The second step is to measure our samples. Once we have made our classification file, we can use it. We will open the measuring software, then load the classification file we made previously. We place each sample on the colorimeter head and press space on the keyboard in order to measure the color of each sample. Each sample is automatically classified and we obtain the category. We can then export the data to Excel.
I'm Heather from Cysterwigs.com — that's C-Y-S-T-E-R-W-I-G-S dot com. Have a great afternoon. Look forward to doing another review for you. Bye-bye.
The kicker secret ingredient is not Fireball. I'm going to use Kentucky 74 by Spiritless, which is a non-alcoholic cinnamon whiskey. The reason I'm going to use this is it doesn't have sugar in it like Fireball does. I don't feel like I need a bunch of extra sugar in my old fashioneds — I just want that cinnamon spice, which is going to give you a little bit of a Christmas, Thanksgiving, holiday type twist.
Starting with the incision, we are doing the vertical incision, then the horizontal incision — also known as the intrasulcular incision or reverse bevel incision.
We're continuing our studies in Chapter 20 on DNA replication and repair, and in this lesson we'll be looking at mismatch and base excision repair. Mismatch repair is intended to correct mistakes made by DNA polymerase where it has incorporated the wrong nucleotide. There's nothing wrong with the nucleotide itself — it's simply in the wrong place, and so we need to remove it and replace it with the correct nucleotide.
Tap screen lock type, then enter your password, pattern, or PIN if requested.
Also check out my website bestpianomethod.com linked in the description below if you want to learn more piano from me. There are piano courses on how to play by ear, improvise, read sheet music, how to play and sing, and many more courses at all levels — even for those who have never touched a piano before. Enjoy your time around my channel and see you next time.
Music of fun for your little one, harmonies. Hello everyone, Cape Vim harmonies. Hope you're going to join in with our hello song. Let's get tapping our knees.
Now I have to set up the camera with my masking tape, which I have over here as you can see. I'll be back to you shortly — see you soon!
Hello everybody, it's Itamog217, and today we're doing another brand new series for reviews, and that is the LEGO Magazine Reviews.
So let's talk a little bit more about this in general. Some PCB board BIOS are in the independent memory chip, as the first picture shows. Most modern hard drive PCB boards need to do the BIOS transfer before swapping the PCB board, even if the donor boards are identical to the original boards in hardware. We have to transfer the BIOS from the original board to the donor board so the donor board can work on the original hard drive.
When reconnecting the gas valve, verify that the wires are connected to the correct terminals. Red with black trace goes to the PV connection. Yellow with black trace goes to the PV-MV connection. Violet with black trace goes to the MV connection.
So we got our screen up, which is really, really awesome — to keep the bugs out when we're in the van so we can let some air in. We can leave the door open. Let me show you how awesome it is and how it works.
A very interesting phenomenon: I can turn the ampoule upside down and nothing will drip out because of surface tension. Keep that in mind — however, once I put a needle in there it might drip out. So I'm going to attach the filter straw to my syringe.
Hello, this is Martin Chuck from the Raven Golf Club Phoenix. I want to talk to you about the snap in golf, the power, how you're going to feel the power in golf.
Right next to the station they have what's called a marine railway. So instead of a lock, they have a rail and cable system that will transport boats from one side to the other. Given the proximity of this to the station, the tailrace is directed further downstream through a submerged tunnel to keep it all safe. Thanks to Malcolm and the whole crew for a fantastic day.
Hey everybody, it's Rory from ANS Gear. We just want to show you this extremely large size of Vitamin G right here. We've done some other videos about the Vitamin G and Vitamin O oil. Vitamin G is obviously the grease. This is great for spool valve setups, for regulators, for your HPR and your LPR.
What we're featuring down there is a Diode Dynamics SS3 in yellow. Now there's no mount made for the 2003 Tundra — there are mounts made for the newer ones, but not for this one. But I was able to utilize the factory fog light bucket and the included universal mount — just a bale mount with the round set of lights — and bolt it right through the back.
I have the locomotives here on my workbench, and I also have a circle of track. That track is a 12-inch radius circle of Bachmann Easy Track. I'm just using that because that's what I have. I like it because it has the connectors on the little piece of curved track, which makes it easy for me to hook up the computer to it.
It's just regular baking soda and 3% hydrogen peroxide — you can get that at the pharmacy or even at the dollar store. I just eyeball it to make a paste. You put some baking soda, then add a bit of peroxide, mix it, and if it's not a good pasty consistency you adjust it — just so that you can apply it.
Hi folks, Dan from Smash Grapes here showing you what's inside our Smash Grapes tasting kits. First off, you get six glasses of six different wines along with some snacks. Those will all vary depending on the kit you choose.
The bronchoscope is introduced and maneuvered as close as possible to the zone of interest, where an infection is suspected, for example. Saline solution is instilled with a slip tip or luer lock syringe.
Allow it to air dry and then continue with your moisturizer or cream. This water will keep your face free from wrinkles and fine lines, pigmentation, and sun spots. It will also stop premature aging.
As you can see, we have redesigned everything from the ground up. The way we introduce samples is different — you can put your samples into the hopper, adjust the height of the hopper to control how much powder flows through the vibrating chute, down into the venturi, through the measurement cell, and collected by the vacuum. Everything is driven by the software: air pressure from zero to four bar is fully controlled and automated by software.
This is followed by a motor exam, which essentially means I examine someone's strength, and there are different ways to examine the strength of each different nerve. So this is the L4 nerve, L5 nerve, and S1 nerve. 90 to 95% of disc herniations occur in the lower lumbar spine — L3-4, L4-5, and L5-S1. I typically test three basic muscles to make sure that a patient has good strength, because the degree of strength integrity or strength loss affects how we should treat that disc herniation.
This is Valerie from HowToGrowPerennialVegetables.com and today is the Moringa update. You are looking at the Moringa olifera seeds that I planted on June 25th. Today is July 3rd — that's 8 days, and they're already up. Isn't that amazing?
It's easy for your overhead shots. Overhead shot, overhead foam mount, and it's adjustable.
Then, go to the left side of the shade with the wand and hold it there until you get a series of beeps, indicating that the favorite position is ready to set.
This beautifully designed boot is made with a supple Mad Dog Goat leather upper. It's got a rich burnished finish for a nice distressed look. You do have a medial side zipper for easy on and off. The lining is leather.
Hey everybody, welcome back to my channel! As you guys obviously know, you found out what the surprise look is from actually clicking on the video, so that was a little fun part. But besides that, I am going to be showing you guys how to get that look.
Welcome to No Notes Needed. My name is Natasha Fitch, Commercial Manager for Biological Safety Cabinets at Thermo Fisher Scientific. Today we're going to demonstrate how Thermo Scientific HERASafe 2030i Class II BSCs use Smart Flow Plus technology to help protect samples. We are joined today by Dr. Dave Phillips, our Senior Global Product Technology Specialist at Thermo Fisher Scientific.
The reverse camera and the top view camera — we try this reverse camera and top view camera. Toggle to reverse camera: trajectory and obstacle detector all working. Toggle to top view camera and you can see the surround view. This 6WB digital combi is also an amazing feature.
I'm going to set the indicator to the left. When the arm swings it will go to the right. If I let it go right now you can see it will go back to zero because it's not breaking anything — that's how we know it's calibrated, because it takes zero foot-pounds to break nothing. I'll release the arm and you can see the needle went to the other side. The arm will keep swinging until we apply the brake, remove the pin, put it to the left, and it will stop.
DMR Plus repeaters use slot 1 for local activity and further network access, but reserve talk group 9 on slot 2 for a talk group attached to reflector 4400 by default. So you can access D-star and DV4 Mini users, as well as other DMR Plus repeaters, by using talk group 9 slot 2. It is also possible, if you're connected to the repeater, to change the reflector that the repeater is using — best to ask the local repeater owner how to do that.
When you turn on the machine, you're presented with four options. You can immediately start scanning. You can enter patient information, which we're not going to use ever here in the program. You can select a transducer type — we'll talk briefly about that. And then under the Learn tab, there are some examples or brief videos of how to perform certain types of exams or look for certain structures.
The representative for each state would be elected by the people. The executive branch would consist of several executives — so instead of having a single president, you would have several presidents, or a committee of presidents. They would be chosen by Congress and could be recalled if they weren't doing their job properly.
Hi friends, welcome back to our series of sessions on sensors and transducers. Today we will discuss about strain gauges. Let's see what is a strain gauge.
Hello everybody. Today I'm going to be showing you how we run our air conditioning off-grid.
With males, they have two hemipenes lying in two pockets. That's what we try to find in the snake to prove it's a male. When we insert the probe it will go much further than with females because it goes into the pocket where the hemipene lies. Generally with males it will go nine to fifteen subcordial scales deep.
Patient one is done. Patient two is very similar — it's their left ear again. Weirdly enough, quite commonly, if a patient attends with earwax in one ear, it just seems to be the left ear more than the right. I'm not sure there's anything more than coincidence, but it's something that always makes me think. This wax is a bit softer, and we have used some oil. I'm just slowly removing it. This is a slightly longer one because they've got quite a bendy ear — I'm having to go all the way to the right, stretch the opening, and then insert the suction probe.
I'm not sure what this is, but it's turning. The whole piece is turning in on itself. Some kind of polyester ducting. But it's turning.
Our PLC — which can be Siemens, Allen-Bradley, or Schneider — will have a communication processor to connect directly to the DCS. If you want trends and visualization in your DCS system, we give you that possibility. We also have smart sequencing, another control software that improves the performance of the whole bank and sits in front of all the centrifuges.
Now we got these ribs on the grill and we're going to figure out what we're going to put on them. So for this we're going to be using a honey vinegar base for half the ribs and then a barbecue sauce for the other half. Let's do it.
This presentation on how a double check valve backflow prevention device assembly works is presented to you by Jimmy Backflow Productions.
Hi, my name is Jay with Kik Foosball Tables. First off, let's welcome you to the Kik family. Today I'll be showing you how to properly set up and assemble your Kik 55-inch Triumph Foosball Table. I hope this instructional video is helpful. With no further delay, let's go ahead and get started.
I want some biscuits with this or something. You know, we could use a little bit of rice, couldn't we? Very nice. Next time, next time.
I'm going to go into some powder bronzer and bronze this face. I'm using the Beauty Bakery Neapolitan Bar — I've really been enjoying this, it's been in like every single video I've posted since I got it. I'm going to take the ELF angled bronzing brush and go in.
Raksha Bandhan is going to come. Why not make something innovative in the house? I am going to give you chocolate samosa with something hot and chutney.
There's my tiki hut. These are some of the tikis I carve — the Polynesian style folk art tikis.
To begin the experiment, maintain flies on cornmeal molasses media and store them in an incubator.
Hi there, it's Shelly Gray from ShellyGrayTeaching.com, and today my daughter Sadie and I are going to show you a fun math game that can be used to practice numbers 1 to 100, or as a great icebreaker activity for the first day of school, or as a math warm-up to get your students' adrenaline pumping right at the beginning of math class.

____________

■ What is being asked ■
Which lines of the data include "syringe"? Copy each of them.

■ Answer box ■
A very interesting phenomenon: I can turn the ampoule upside down and nothing will drip out because of surface tension. Keep that in mind — however, once I put a needle in there it might drip out. So I'm going to attach the filter straw to my syringe.
The bronchoscope is introduced and maneuvered as close as possible to the zone of interest, where an infection is suspected, for example. Saline solution is instilled with a slip tip or luer lock syringe.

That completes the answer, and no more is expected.